Today I’ve turned 37. There’s something about getting older that’s subtle enough to be invisible when you’re younger. One can be a little more carefree when young. At 37 I feel the aches of my body more on bad days. I notice every new grey hair. I’m more aware of my need to be intentional about remembering. I’m young enough that I have energy to do hard things; but I’m old enough to know that negligence has a real cost.

I’ve experienced enough life to know the value of real friendships, to understand the pain of betrayals, and the importance of loyalty. I’ve seen high highs, and felt the endless cold of low lows. I know what love is in its various forms; and know what it costs to find and sustain it. I know what it feels like to seen the shadow of death because of malice; and miraculously walk away fortunate enough to see new days because of grace.
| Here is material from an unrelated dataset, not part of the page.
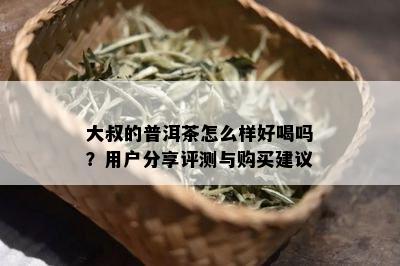 大叔的普洱茶怎么样好喝吗？用户分享评测与购买建议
I’ve felt the headwinds of spiritual doubt and rudderlessness. I’ve also felt the certainty of revelation and the clarity it gives. I know what it feels like to doubt your own certainty, and to constantly test it to verify your grounding in sanity. To be honest, a lot of this was true at 36; but this year feels different. I’m more sure about the truths that I’ve been uncertain about; more happy in my own skin regardless of what that may seem like to others. Less bothered. More thankful.

What about life going forward? One day at a time. Something I’ve learned building Nkwashi, and more recently Carbon Canopy, is that big projects, or anything at scale really, are tackled a day at a time. Sure, you have to maximize what the day can do; and collaboration is how you do that. However, in the end, life is lived a day at a time. So that’s my approach at the moment. I’ll dream about the future, but all that dreaming has to translate to a lived day. If it can’t fit into what I can reasonably do within 24 hours, then I can’t do it. I won’t do it. I’ve discovered that I get tired just like anyone else, and passion for something doesn’t take away physical exhaustion or even mental weariness. Adding to the load invites diminishing returns; and so any additional effort needs to come with greater yield on time. If I can only give slices of the day, the return on the effort for those slices has to be significantly greater than the physical cost, and also the opportunity cost of not applying myself to my existing effort streams. Funny enough, that’s meant that I’ve ended up doubling down, or better put, going all in on land development; carbon projects, renewable energy, sustainable forestry, pastoral agriculture and soil/rangeland carbon; rural land development and more efficient urban land development. More of what we’ve been doing, just deeper and broader.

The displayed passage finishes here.